**Records to use**
::::::::::
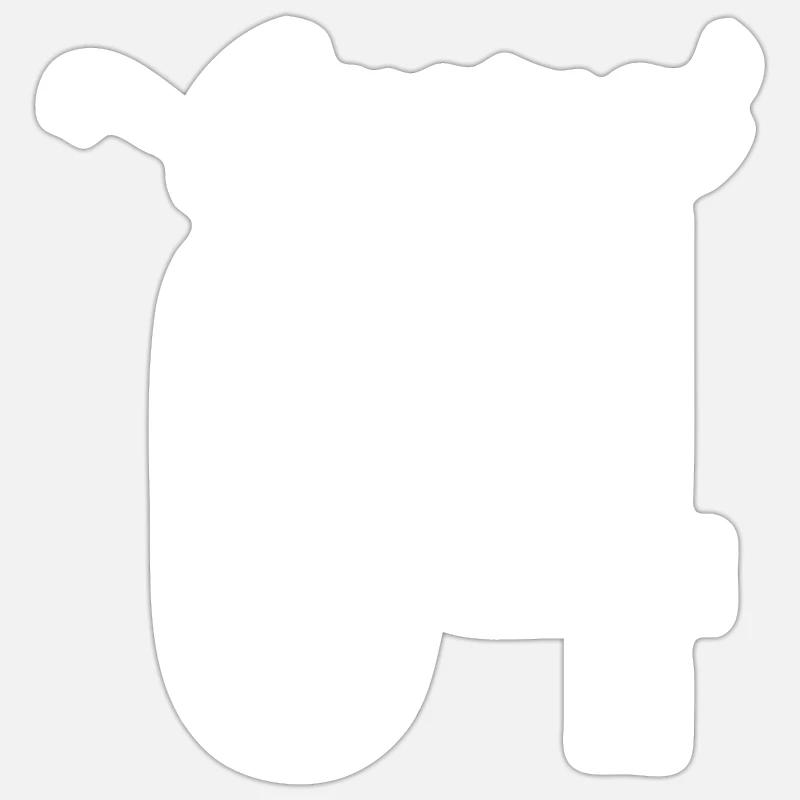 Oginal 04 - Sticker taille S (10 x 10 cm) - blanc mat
::::::::::
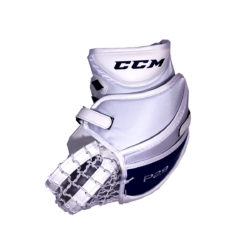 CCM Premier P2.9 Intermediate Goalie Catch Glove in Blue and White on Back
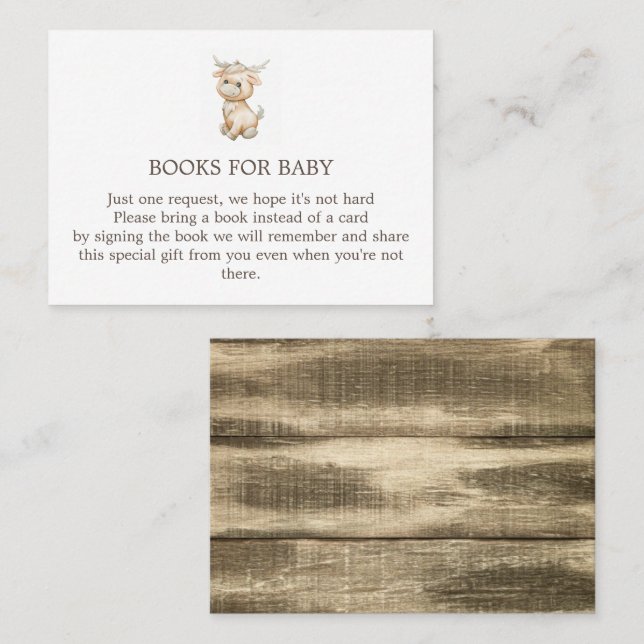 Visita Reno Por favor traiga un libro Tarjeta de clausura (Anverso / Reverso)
::::::::::
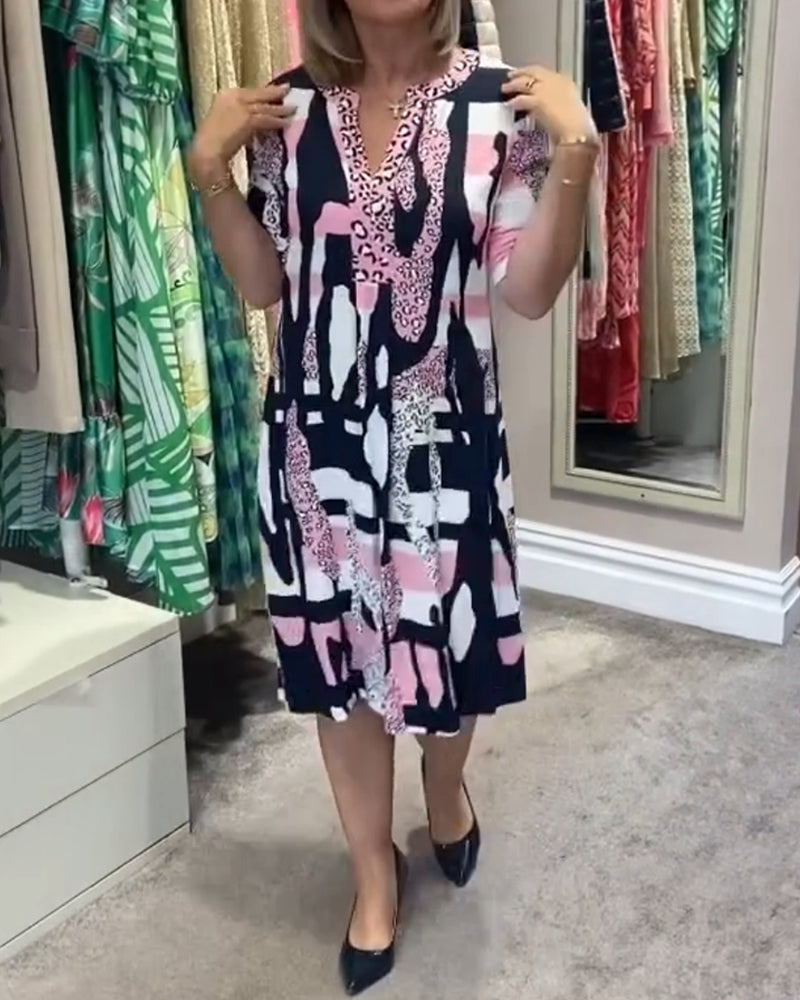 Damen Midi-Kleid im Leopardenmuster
::::::::::
**Problem to work on**
Range to copy from the listing above: the line with "CCM Premier P2.9" through the line with "Visita Reno Por". Transcribe it exactly and skip the pictures.

**Response**
 CCM Premier P2.9 Intermediate Goalie Catch Glove in Blue and White on Back
 Visita Reno Por favor traiga un libro Tarjeta de clausura (Anverso / Reverso)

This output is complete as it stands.